Türk Edebiyatı

Yeni Ufuklar Dergisi -Vedat Günyol- Tarihçesi, Yazarları, Hakkında Bilgi

YENİ UFUKLAR (Şubat 1952 – Kasım 1976)

Yücel dergisinin 1950 yılında uzun bir süre için kapanması üzerine, Orhan Burian ile Vedat Günyol, bu boşluğu dolduracak, küçük boyutta, iki formalık bir dergiyi kendi başlarına yayımlamayı tasarlamışlardı. İlk sayısında (şubat 1952) yalnız ikisinin (Orhan Burian Ali Agâh, M. Ö. Engin, Vedat Günyol da, A. Teleme, Ali Candan takma adlarını kullanıyorlardı) yazı ve çevirileriyle ve Ufuklar adiyle çıkan dergiye, ikinci sayısında Mehmet Başaran, Fakir Baykurt, Kâmuran S. Yüce şiir ve hikâyeleriyle katıldılar. Üçüncü sayıdan başlayarak, Sabahattin Eyüboğlu’nun yanında, Oktay Rifat, Fazıl Hüsnü Dağlarca, Oğuz Arıkanlı, Cavit Orhan Tütengil, Attilâ İlhan, Ferit Edgü, Orhan Duru, Orhan Çubukçu, Samim Kocagöz, Fethi Naci, Demir Özlü, Atalay Yörükoğ-lu, Azra Erhat, Melih Cevdet Anday, Halikarnas Balıkçısı, Suat Taşer, Bülent Ecevit gibi imzalardan kimisi sürekli, kimisi de zaman zaman derginin sayfalarında göründü.

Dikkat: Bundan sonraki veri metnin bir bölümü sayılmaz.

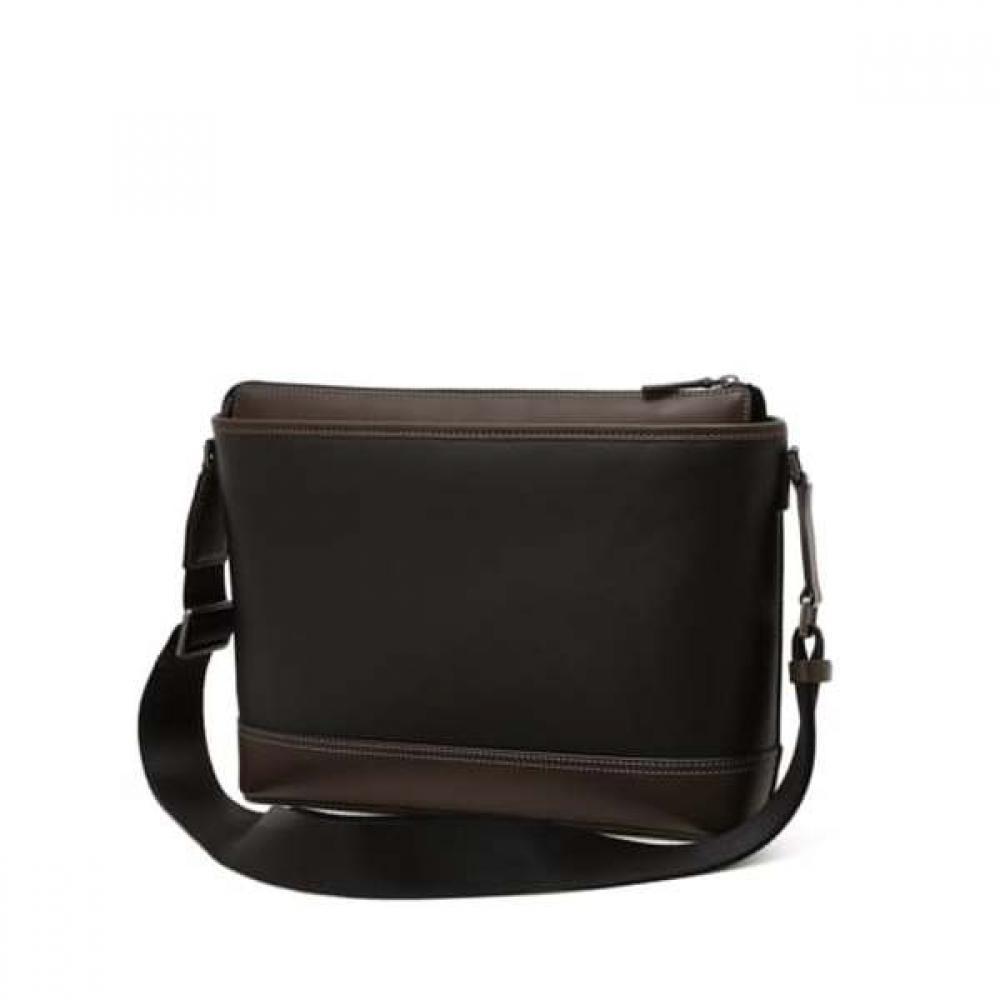 Daks Black Cowhide Crossbody Bag With Logo Dbba6f041bk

1953’te Orhan Burian’ın ölümü üzerine Vedat Günyol’un yönetiminde ve Yeni Ufuklar adiyle yayımını sürdüren dergi, bir iki zorunlu ve kısa aksama dışında sürekli olarak yayımlandı.

Daha ilk sayısında, Orhan Burian’ın kalemiyle «güzele, iyiye ve doğruya» yönelik bir dergi olduğu açıklanan Yeni Ufuklar, zaman zaman düzenlediği anketler ve çıkardığı özel sayılarla dil, tarih, eğitim, şehircilik, toprak reformu, çocuk psikolojisi gibi çeşitli sorunlar üzerine eğilmiştir. 1960 yılı başlarında, Adnan Benk, Sabahattin Eyüboğlu, Memet Fuat ve Vedat Günyol’dan oluşan bir yazı kurulu Yeni Ufuklar’a bir eleştiri – deneme dergisi niteliği vermeğe çalıştılarsa da, bu çaba ancak altı sayı sürdü, sonra dergi yeniden eski durumuna döndü.

Son yıllarda Yeni Ufuklar’a. yeni imzalar katılmış, İsmet Zeki Eyüboğlu, Afşar Timuçin, Hilmi Yavuz, Selim İleri, Nedim Gürsel gibi yazar ve şairlere derginin hemen her sayısında yer ayrılmıştır. Son on yıl içinde derginin, düşünce yayınına ağırlık vermek amacıyle hikâye ve şiire sayfalarını kapaması ve kadrosundaki değişikliği, sanat yönünden bir zayıflamaya yol açarken düşünce yönünden daha bir yoğunluk kazanmasını sağlamış, özellikle sosyal sorunlara hümanist açıdan yaklaşılarak güzelde, iyide ve doğruda sosyal bir içerik aranmış ve yurt sorunlarını özgürlükçü demokrasi anlayışıyle ele alma eğilimi kendini daha açık olarak göstermiştir.